= EXERCISE GOAL =
Each entry, in full: copy it out exactly.

= MATERIAL FOR THIS TASK =
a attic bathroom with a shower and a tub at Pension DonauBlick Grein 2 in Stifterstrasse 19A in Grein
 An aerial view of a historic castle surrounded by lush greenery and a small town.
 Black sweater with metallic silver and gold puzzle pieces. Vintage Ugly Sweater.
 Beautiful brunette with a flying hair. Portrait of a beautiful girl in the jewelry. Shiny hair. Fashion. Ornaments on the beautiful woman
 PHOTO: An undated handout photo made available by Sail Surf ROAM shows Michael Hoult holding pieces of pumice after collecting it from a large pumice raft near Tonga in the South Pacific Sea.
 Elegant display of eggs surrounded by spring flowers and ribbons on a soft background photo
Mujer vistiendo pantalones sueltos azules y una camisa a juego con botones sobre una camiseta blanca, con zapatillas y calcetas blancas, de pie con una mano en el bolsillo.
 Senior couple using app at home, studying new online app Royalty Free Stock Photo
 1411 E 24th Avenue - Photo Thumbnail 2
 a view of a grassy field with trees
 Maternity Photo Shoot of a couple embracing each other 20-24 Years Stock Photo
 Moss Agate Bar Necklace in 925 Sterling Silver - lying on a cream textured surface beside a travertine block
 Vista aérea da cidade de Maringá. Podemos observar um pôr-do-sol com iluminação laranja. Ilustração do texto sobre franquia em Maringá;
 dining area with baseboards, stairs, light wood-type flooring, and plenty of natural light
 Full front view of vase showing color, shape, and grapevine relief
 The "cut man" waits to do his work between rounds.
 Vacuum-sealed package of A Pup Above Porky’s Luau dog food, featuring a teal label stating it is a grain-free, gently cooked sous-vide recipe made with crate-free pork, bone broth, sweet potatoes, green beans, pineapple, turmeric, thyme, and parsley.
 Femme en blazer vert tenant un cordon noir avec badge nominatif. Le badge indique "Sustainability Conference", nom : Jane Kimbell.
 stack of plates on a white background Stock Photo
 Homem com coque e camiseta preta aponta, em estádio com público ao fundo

= RESULT OF THE EXERCISE =
a attic bathroom with a shower and a tub at Pension DonauBlick Grein 2 in Stifterstrasse 19A in Grein
 An aerial view of a historic castle surrounded by lush greenery and a small town.
 Black sweater with metallic silver and gold puzzle pieces. Vintage Ugly Sweater.
 Beautiful brunette with a flying hair. Portrait of a beautiful girl in the jewelry. Shiny hair. Fashion. Ornaments on the beautiful woman
 PHOTO: An undated handout photo made available by Sail Surf ROAM shows Michael Hoult holding pieces of pumice after collecting it from a large pumice raft near Tonga in the South Pacific Sea.
 Elegant display of eggs surrounded by spring flowers and ribbons on a soft background photo
Mujer vistiendo pantalones sueltos azules y una camisa a juego con botones sobre una camiseta blanca, con zapatillas y calcetas blancas, de pie con una mano en el bolsillo.
 Senior couple using app at home, studying new online app Royalty Free Stock Photo
 1411 E 24th Avenue - Photo Thumbnail 2
 a view of a grassy field with trees
 Maternity Photo Shoot of a couple embracing each other 20-24 Years Stock Photo
 Moss Agate Bar Necklace in 925 Sterling Silver - lying on a cream textured surface beside a travertine block
 Vista aérea da cidade de Maringá. Podemos observar um pôr-do-sol com iluminação laranja. Ilustração do texto sobre franquia em Maringá;
 dining area with baseboards, stairs, light wood-type flooring, and plenty of natural light
 Full front view of vase showing color, shape, and grapevine relief
 The "cut man" waits to do his work between rounds.
 Vacuum-sealed package of A Pup Above Porky’s Luau dog food, featuring a teal label stating it is a grain-free, gently cooked sous-vide recipe made with crate-free pork, bone broth, sweet potatoes, green beans, pineapple, turmeric, thyme, and parsley.
 Femme en blazer vert tenant un cordon noir avec badge nominatif. Le badge indique "Sustainability Conference", nom : Jane Kimbell.
 stack of plates on a white background Stock Photo
 Homem com coque e camiseta preta aponta, em estádio com público ao fundo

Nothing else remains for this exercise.